MATERIAL PROVIDED:
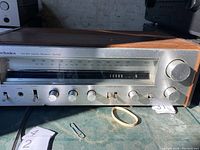 Front view of the Technics stereo receiver showing the tuning window, control knobs, and wood side panel.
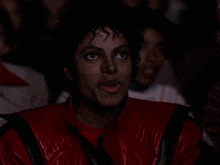 gif animado do Michael Jackson no cinema comendo pipoca enquanto assiste a algum filme.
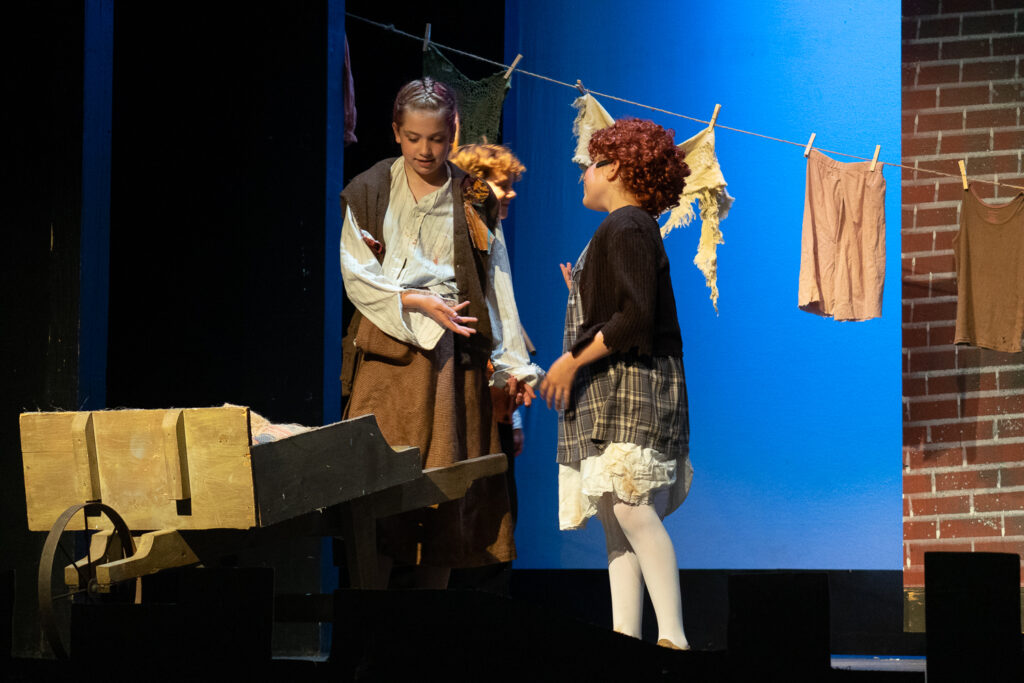 Campers presenting Annie musical at Long Lake Camp for the Arts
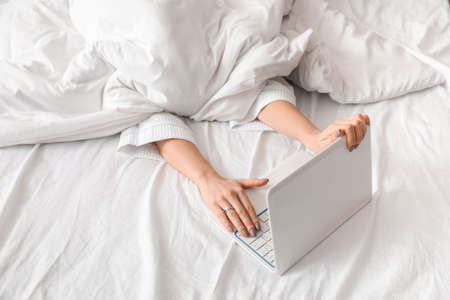 Young woman using laptop in bedroomの写真素材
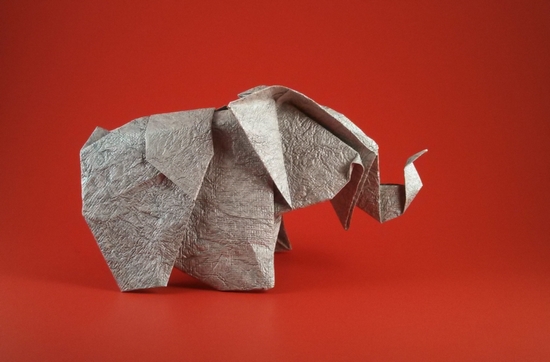 Origami Elephant - Cambodian by Fumiaki Kawahata. Folded from a square of Crinkle Silver scrapbooking paper by Gilad Aharoni on giladorigami.com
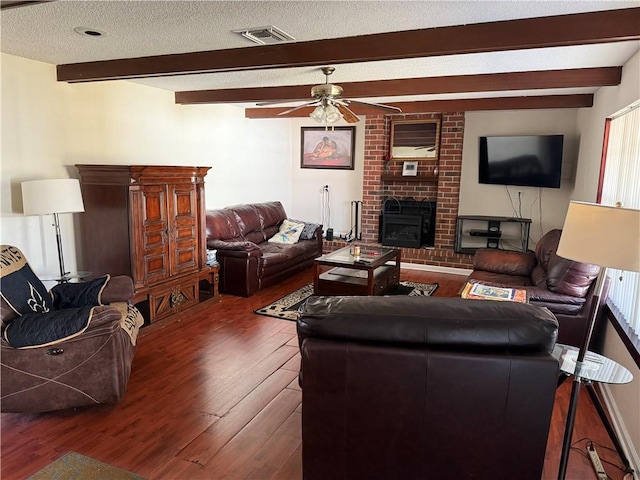 living room with ceiling fan, beamed ceiling, dark hardwood / wood-style floors, and a brick fireplace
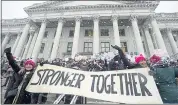  ?? THE ASSOCIATED PRESS ?? Thousands attend a women’s march at the Salt Lake City Capitol on Jan. 23, 2017. The massive women’s marches that month, primarily a backlash to Donald Trump’s election as president, served as prelude to the #MeToo movement.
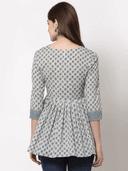 Woman wearing a grey indian kurti for women by Nishtha Chadda
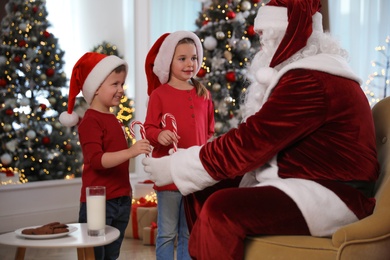 Santa Claus giving candy canes to children in room decorated for Christmas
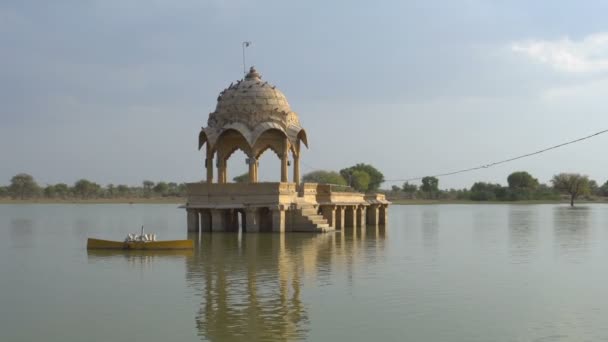 Gele steen gemaakte structuren te midden van het water lichaam, Gadisar meer in de prachtige stad Jaisalmer, werd kunstmatig gebouwd voor het behoud van water. Schoot op Jaisalmer, Rajasthan, India. Blauwe lucht achtergrond. - Video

YOUR GOAL:
Repeat the records above exactly, without any pictures.

RESULT OF THIS EXERCISE:
 Front view of the Technics stereo receiver showing the tuning window, control knobs, and wood side panel.
 gif animado do Michael Jackson no cinema comendo pipoca enquanto assiste a algum filme.
 Campers presenting Annie musical at Long Lake Camp for the Arts
 Young woman using laptop in bedroomの写真素材
 Origami Elephant - Cambodian by Fumiaki Kawahata. Folded from a square of Crinkle Silver scrapbooking paper by Gilad Aharoni on giladorigami.com
 living room with ceiling fan, beamed ceiling, dark hardwood / wood-style floors, and a brick fireplace
  ?? THE ASSOCIATED PRESS ?? Thousands attend a women’s march at the Salt Lake City Capitol on Jan. 23, 2017. The massive women’s marches that month, primarily a backlash to Donald Trump’s election as president, served as prelude to the #MeToo movement.
 Woman wearing a grey indian kurti for women by Nishtha Chadda
 Santa Claus giving candy canes to children in room decorated for Christmas
 Gele steen gemaakte structuren te midden van het water lichaam, Gadisar meer in de prachtige stad Jaisalmer, werd kunstmatig gebouwd voor het behoud van water. Schoot op Jaisalmer, Rajasthan, India. Blauwe lucht achtergrond. - Video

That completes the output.